Con Bad 25 Spike Lee ha fatto a Michael Jackson il regalo più bello. Perché il documentario, che celebra i 25 anni dell’album Bad, lascia da parte tutta la spazzatura che ha ricoperto la vita privata del folletto di Neverland per concentrarsi sul suo genio musicale senza pari e sulla sua straordinaria etica del lavoro. Con una classe, un ritmo interno e una forza emotiva che confermano Lee come uno dei più interessanti documentaristi contemporanei.
Il film, presentato Fuori Concorso a Venezia, si snoda attraverso le diverse canzoni che compongono la track list dell’album: per ognuna il dietro le quinte è estremamente accurato, con immagini rare, dettagli tecnici mai svelati e interviste ai collaboratori del cantante e agli artisti che ne sono stati più influenzati (tra cui Mariah Carey, Sheryl Crow e Cee-Lo Green). Il ritratto che ne esce è completo, affettuoso, divertente. Tra gli interventi più interessanti si colloca quello di Martin Scorsese, regista del cortometraggio che accompagna le musiche della canzone Bad (Jackson, a ragione, non voleva che venisse chiamato semplicemente “video musicale”). Girato in una stazione di Brooklyn con l’esordiente Wesley Snipes nei panni dell’antagonista, venne sceneggiato da Richard Price (Il Colore dei Soldi) con un preciso intento: conciliare la cultura afro di strada con quella più trasversale e pop rappresentata da Jackson.

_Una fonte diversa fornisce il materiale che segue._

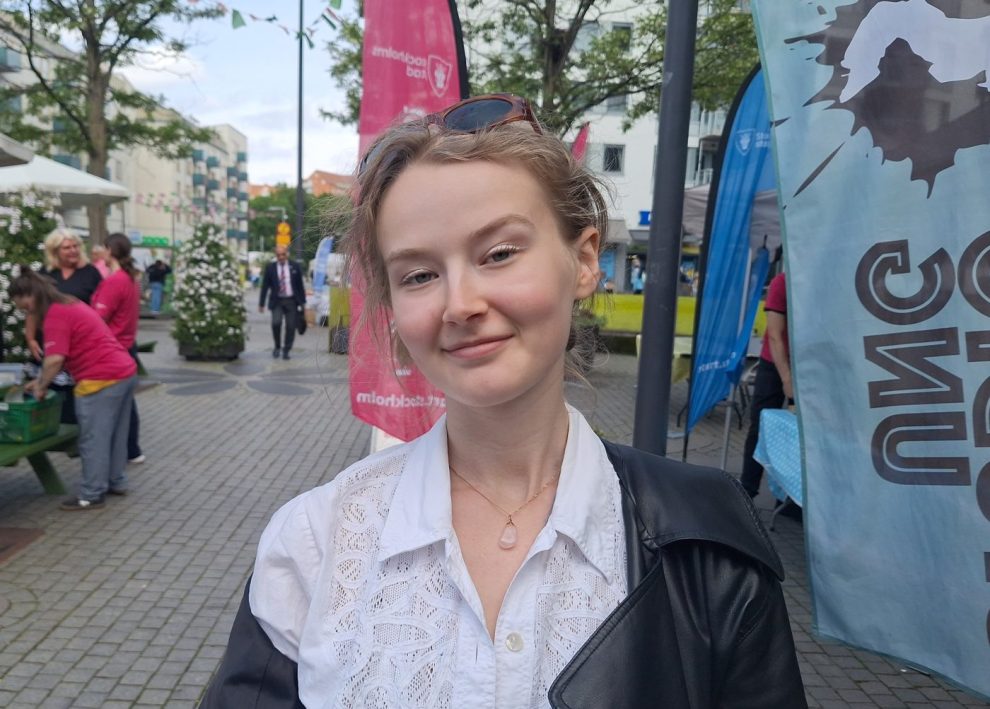 En vit kvinna med cenréfärgat hår i knut, vit blus och svart kofta.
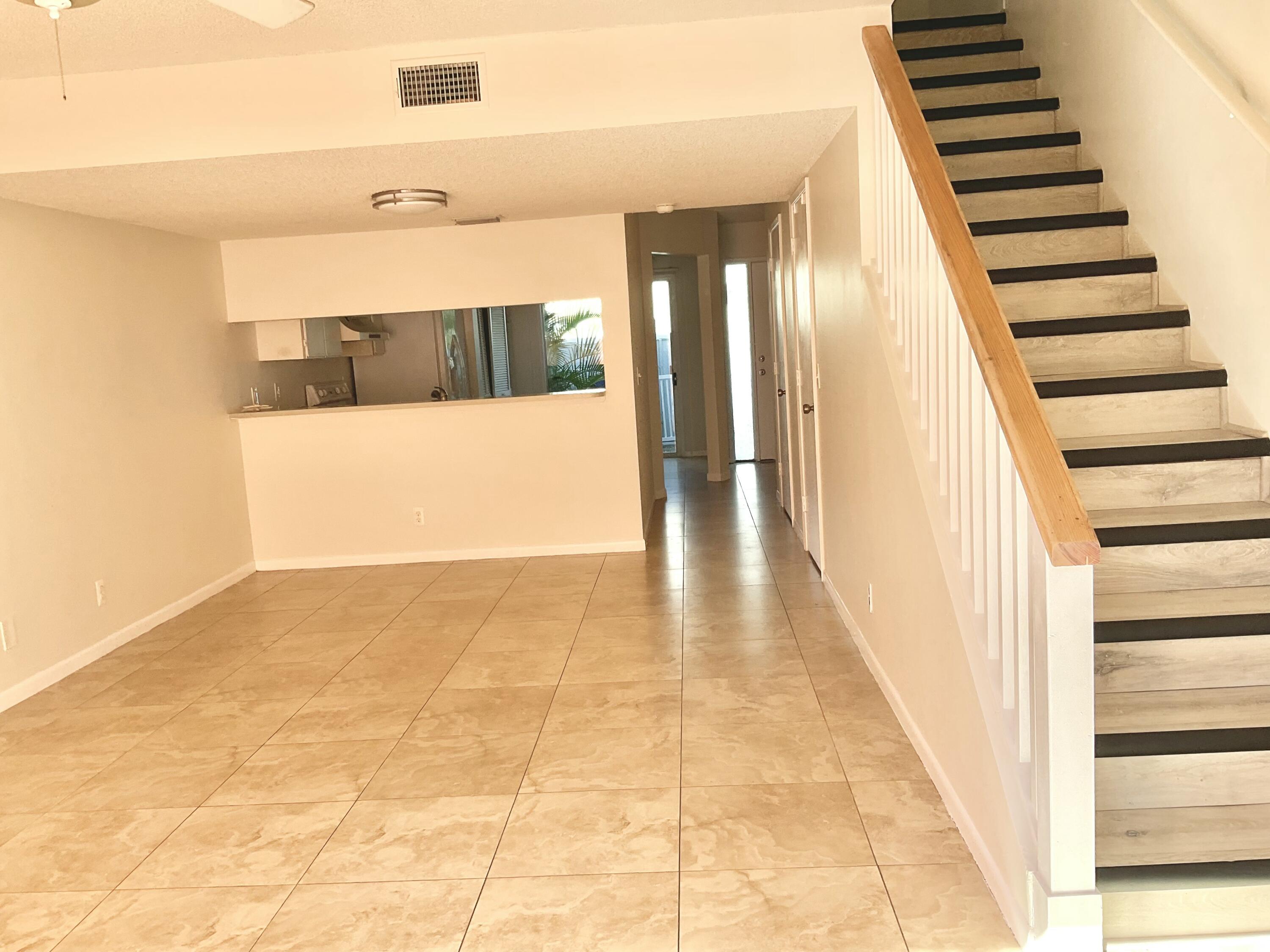 6262 Riverwalk Lane, Unit 3 Jupiter, FL 33458 - Photo 3 of 28 a view of a hallway with wooden floor and staircase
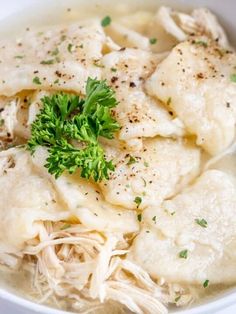 a white bowl filled with dumplings and garnished with parsley on top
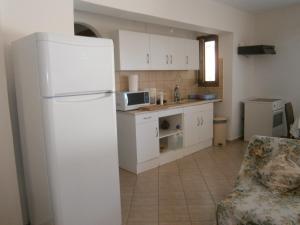 Il comprend une cuisine équipée d'un réfrigérateur blanc et d'un canapé. dans l'établissement Moraki Apartment, à Episkopión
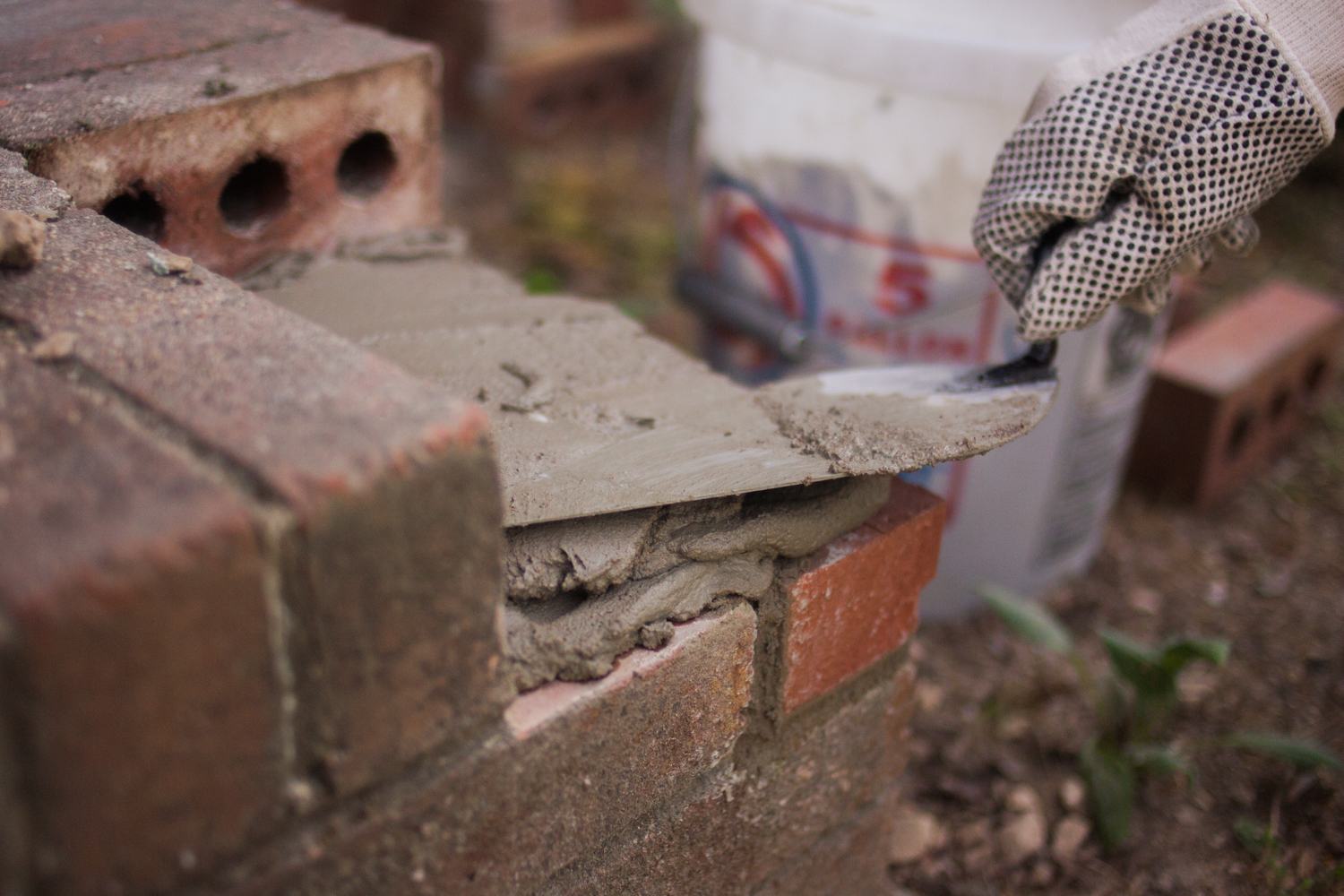 applying mortar to bricks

“Non vorrei passare per stupido”, ha detto Spike Lee a Venezia, “ma Bad 25 per me è come una lettera d’amore a Michael”.
Che cosa rappresenta Michael Jackson nella sua vita?
Sono cresciuto ascoltando la sua musica, sono nato solo un anno prima di lui. Quando cantava con i Jackson Five volevo assomigliargli, copiavo il suo taglio di capelli, ma non potevo certo ballare e cantare al suo livello. Lavorava moltissimo, come tutti i grandi maestri. A sette anni studiava James Brown, Steve Wonder, i Temptations…
Bisogna concentrarsi sul suo genio musicale e lasciare stare tutto il resto.
Durante la lavorazione del film ha scoperto qualcosa di nuovo su di lui?
Ho accettato subito di realizzare questo documentario perché la Sony voleva che mi concentrassi solo sulla musica, sul suo geniale processo creativo. Qui si vedono il sangue, il sudore e le lacrime che stanno dietro a ogni capolavoro. Parlando con i suoi collaboratori si può capire molto di più su di lui. Bad seguiva Thriller, l’album più venduto al mondo, quindi la pressione su Michael era terribile. Voleva che anche Bad vendesse moltissimo e non era mai soddisfatto. Un giorno ha scritto su un foglio: “Bisogna studiare i grandi per essere grandi” . Lui studiava gli artisti più grandi, non solo della musica ma anche della fotografia e della danza, e poi riversava nel suo lavoro ciò che apprendeva. Suonava il pianoforte e sapeva persino concepire tutte le parti strumentali di ogni singola canzone che componeva. Dio gli aveva dato doni che per un bel pezzo non si troveranno in altre persone.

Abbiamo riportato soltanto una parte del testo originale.